(WHAT THE TASK ASKS)
Beginning with the line containing "10438 147 ST NW photo 11" and ending with the line containing "Cookware/dishes/utensils", write out each line of the records below exactly; pictures and lines outside that range are left out.

(RECORDS SUPPLIED)
----
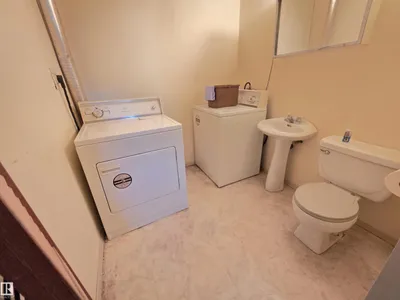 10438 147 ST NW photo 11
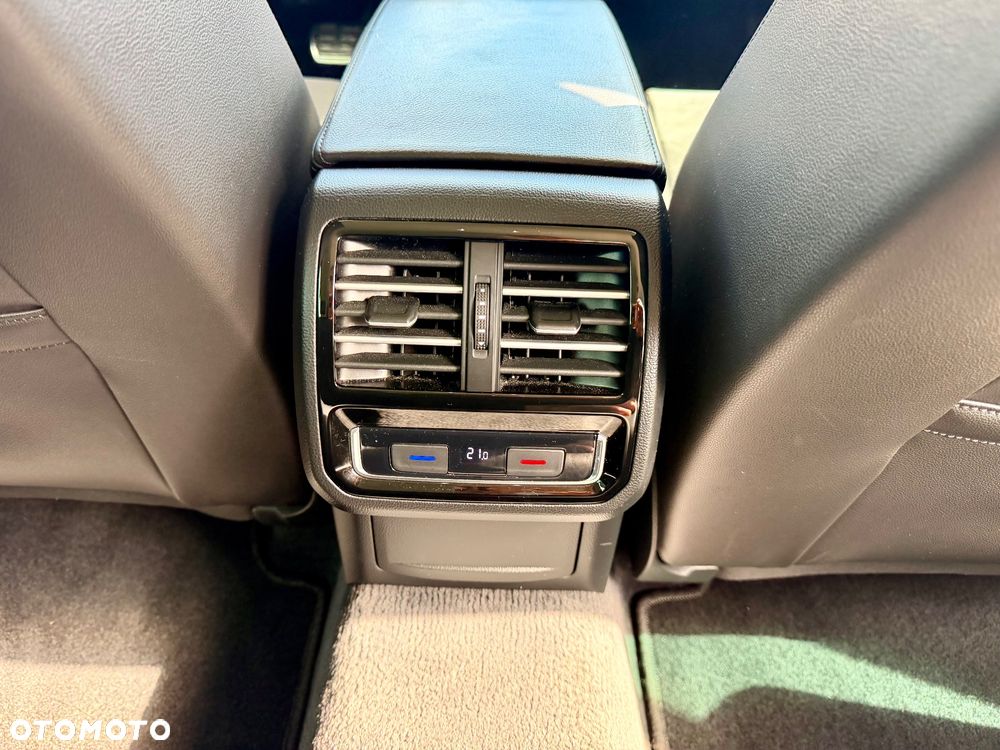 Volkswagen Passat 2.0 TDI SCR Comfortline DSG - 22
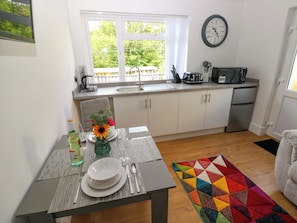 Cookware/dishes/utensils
----
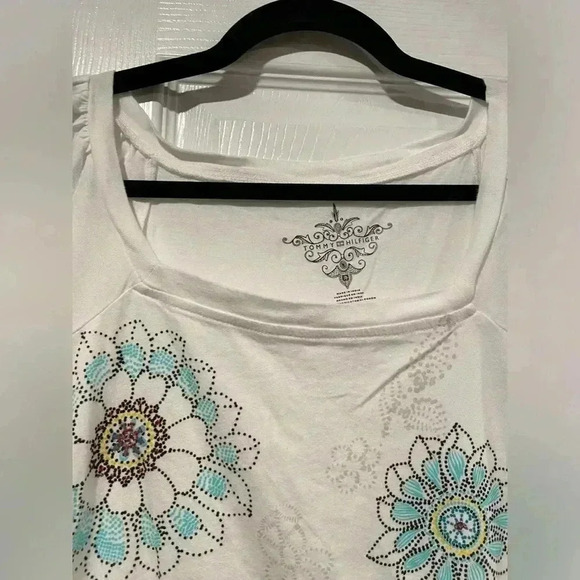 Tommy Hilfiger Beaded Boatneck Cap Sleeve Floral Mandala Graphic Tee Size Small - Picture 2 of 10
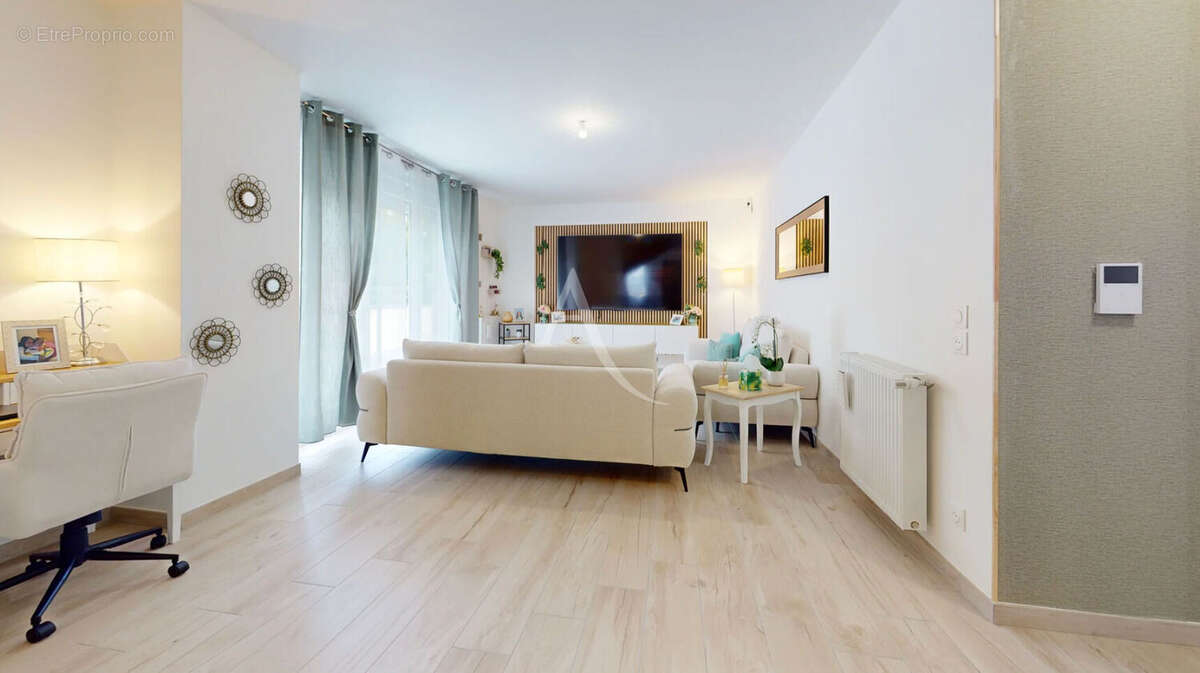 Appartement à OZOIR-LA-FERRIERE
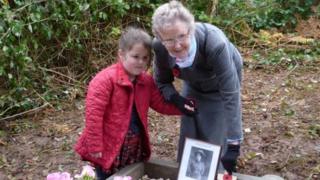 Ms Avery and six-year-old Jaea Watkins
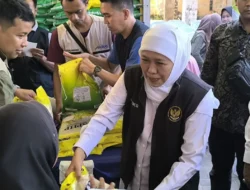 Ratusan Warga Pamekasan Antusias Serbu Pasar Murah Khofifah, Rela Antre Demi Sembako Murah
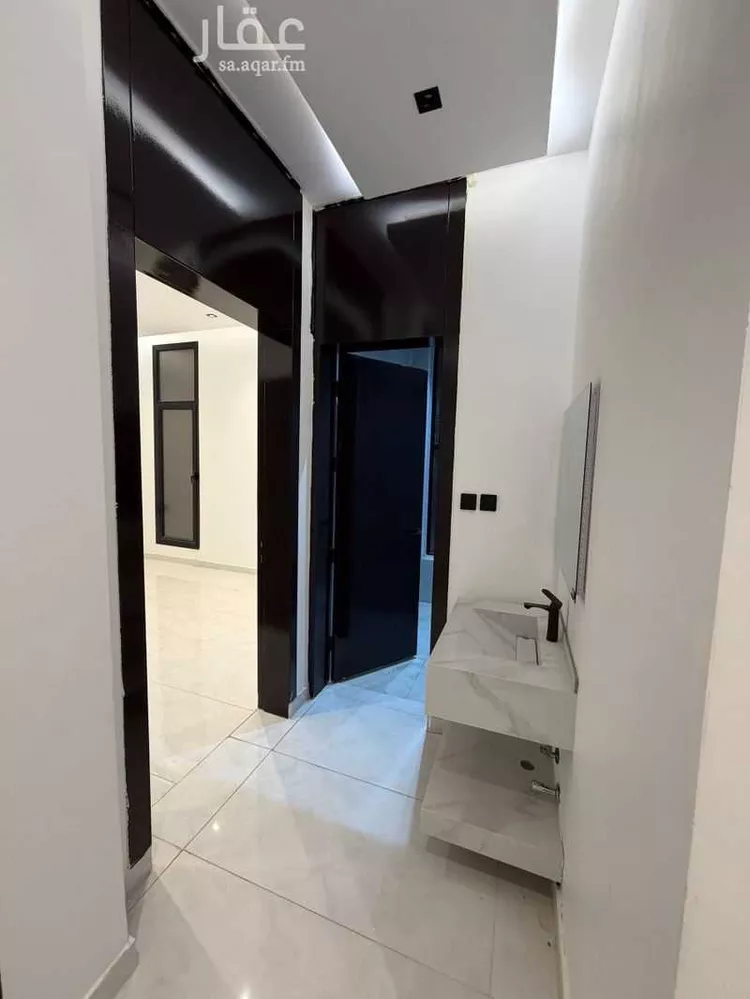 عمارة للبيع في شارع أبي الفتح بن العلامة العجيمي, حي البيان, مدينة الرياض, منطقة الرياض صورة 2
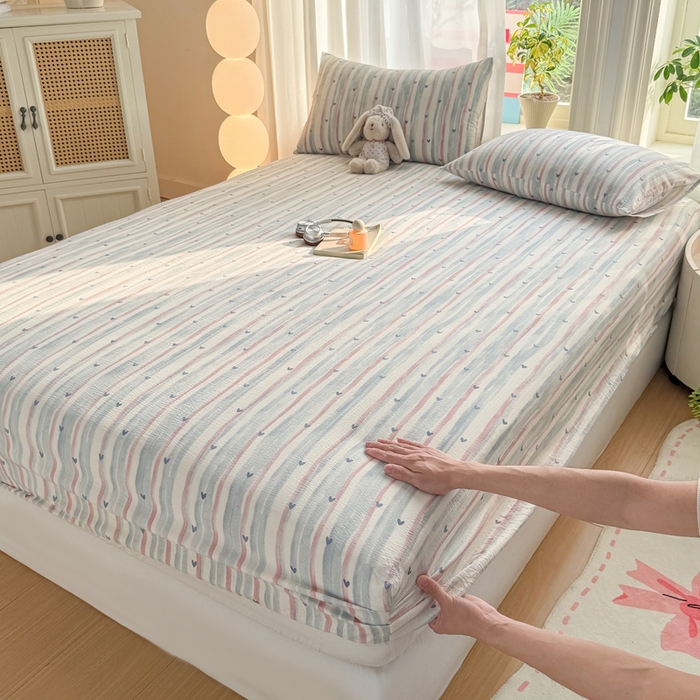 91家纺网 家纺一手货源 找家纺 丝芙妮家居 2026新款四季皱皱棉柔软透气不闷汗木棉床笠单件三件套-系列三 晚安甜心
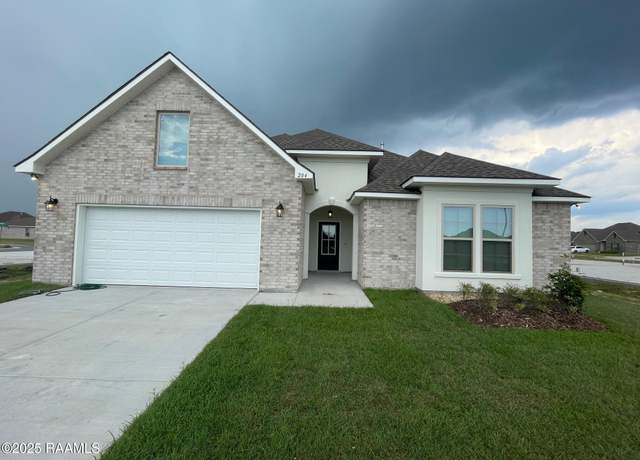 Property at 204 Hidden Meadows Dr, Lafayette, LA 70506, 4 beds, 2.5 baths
----
(YOUR RESPONSE)
 10438 147 ST NW photo 11
 Volkswagen Passat 2.0 TDI SCR Comfortline DSG - 22
 Cookware/dishes/utensils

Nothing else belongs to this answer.